AksiReportase

Protes Militerisasi Nduga, AMP Tuntut Demokratisasi

Malang, Senin, (30/7/2018) Aliansi Mahasiswa Papua (AMP) gelar pawai protes mengecam operasi militer di Nduga. Lebih dari 49 demonstran berpawai dari Stadion Gajayana ke Balai Kota Malang. Mereka menuntut agar operasi militer yang sarat pelanggaran Hak Asasi Manusia (HAM) di Nduga dihentikan serta pasukannya ditarik keluar. Lebih lanjut, massa aksi menuntut ruang demokrasi dan akses bagi seluruh jurnalis serta media internasional dan nasional di Nduga pada khususnya dan West Papua pada umumnya.
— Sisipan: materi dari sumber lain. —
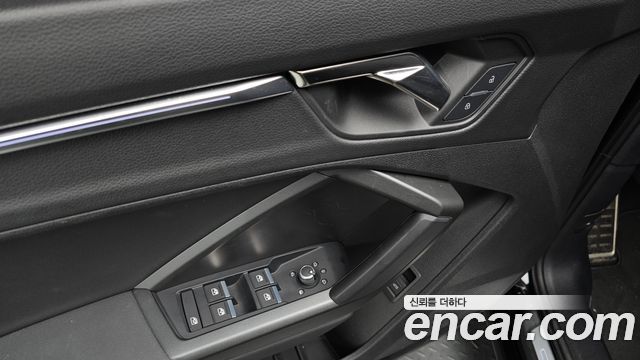 Audi Q3 2022 — photo 32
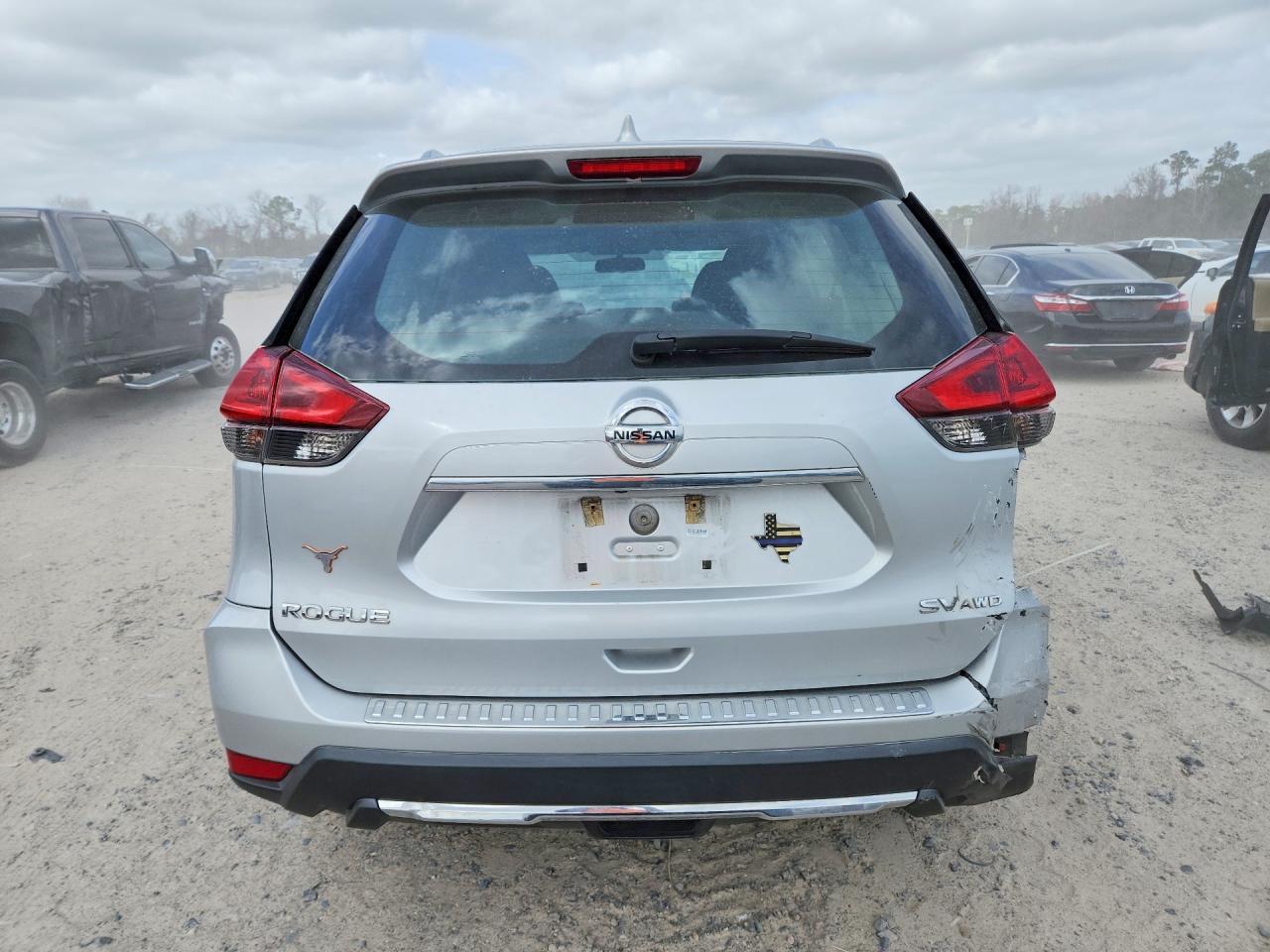 2018 Nissan Rogue Sv - zdjęcie 6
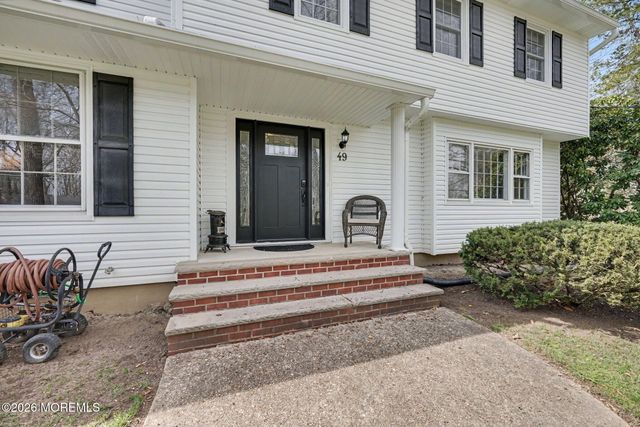 49 Hampton Drive, Freehold, NJ 07728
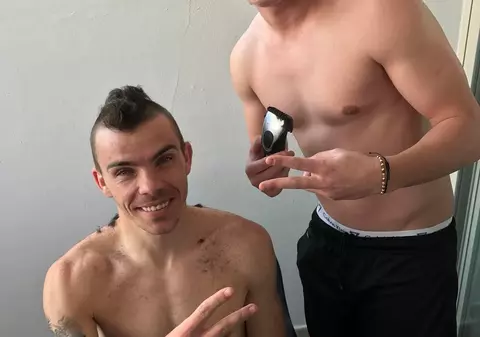 Frizerul Steliano Filip. Fundașul stânga l-a tuns pe Dan Nistor în cantonamentul din Spania. Reacția soției când și-a văzut bărbatul cu creastă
Sebagaimana keterangan rilis persnya, militer Tentara Nasional Indonesia (TNI) dan Kepolisian Republik Indonesia (POLRI) dengan bersenjata lengkap, termasuk persenjataan berat, menyisir Nduga dengan dalih pengamanan Pemilihan Kepala Daerah (Pilkada) sejak 22 Juni 2018. Akibatnya operasi militer ini justru membuat masyarakat Nduga tidak merasa aman melainkan terancam bahaya. “…Penembakan, Bom Mortir di ledakan di Kampung  Alguru pada 11 Juli pukul 11:01 WIT melalui empat bom mortir yang dijatuhkan melalui helikopter telah mengakibatkan 50 hingga 200 Kepala Keluarga berpindah tempat, berlari ke hutan…”
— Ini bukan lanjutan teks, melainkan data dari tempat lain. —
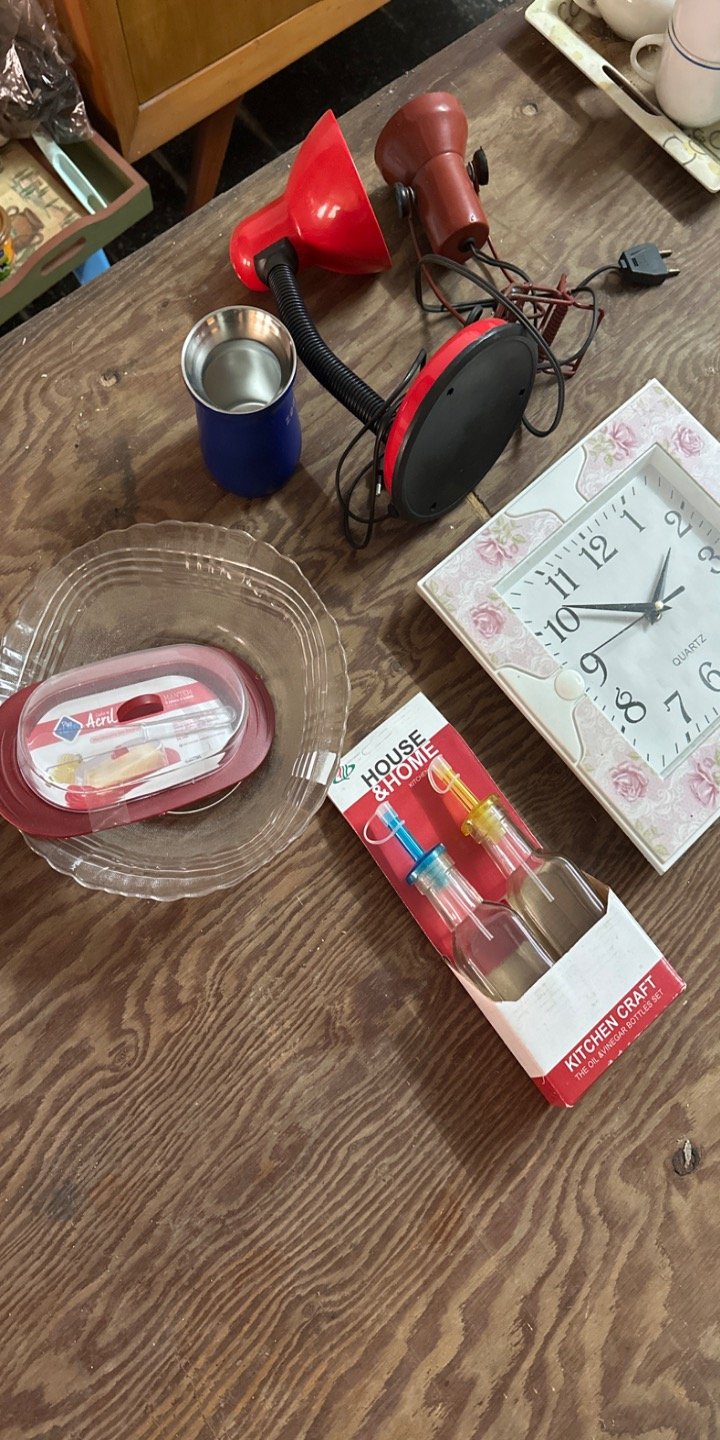 Lote Variado: Lámpara Roja, Reloj de Pared, Recipientes y Más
“Data pihak Kepolisian Daerah (Kapolda) Papua menunjukkan sejak 22 Juni 2018, 30 anggota Brimob dan 150 personel ditempatkan di Kenyam pada 25 Juni 2018, 700 personel diminta dari Polda Papua, serta 3.000 personel untuk mengamankan pilkada 27 Juni 2018. Ada pun, pada 17 Januari 2018, Jendral Polisi Tirto Karnavian, mengatakan 14 ribu personel akan ke Papua. Termasuk 2.800 dari TNI dan Perlindungan Masyarakat (Linmas) 4.000 personel. Sehingga hampir dari sebagian personel yang dikirim ke Nduga telah melebihi populasi masyarakat Ndugama saat ini.” Para demonstran menyimpulkan pengerahan militer Indonesia secara bergelombang sejak tanggal 22,  lalu 25, 27 Juni hingga 11 Juli 2018 yang terus-menerus terjadi dilakukan bukan untuk mengamankan rakyat. Melainkan mengamankan penjajahan dan penindasan. Khususnya kepentingan pemodal agar bebas menghisap. Rakyat di Nduga sendiri tidak bebas akibat operasi militer berlebihan ini. “Hampir seluruh masyarakat Nduga mengungsi ke hutan dan daerah lain seperti Agast, Timika, dan Wamena mulai dari tanggal 27 Juni hingga 12 Juli 2018, dan terus berlangsung hingga kini.”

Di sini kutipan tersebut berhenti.